DIRECTIONS FOR THIS TASK: Starting with the line that contains "Gregorovius, Ferdinand. Corsica." and stopping after the line that contains "ROMEO VOID - ROMEO", copy the entries below exactly. Include nothing else.
━━ RECORDS PROVIDED ━━
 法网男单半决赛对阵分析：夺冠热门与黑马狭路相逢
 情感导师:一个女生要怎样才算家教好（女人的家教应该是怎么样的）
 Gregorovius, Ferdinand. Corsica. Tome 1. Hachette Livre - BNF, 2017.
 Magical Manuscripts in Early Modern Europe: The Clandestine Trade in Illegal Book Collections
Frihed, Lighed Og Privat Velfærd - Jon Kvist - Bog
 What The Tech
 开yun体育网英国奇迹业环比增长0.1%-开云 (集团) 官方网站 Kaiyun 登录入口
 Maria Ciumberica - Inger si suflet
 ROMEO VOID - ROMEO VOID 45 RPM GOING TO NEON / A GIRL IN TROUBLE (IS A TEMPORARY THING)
━━━
━━ RECORDS PROVIDED ━━
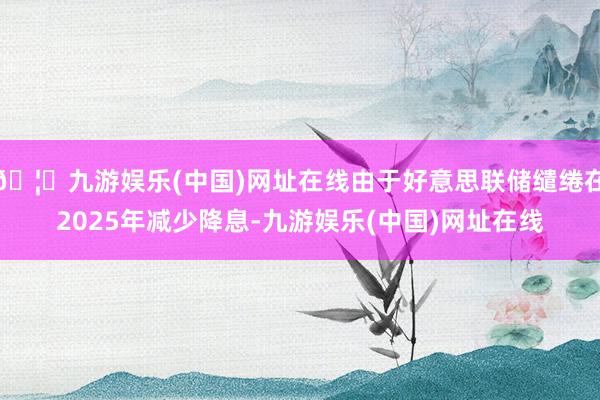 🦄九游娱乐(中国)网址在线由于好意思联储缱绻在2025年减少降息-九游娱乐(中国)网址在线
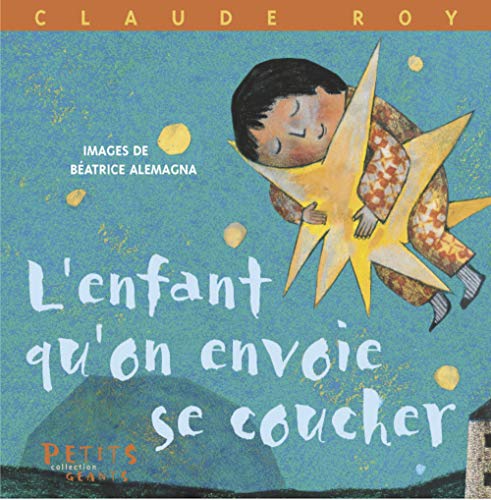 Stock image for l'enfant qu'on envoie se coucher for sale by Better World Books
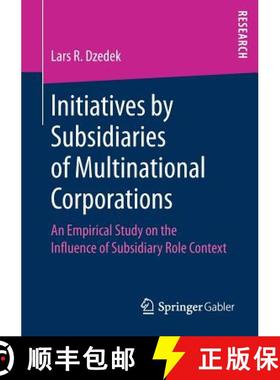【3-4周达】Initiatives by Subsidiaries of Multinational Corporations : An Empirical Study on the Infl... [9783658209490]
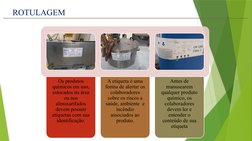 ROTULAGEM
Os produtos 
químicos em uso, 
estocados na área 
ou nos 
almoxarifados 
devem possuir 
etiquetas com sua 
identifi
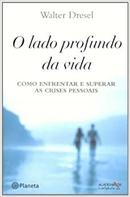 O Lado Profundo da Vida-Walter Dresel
━━━
WRITTEN ANSWER:
 Gregorovius, Ferdinand. Corsica. Tome 1. Hachette Livre - BNF, 2017.
 Magical Manuscripts in Early Modern Europe: The Clandestine Trade in Illegal Book Collections
Frihed, Lighed Og Privat Velfærd - Jon Kvist - Bog
 What The Tech
 开yun体育网英国奇迹业环比增长0.1%-开云 (集团) 官方网站 Kaiyun 登录入口
 Maria Ciumberica - Inger si suflet
 ROMEO VOID - ROMEO VOID 45 RPM GOING TO NEON / A GIRL IN TROUBLE (IS A TEMPORARY THING)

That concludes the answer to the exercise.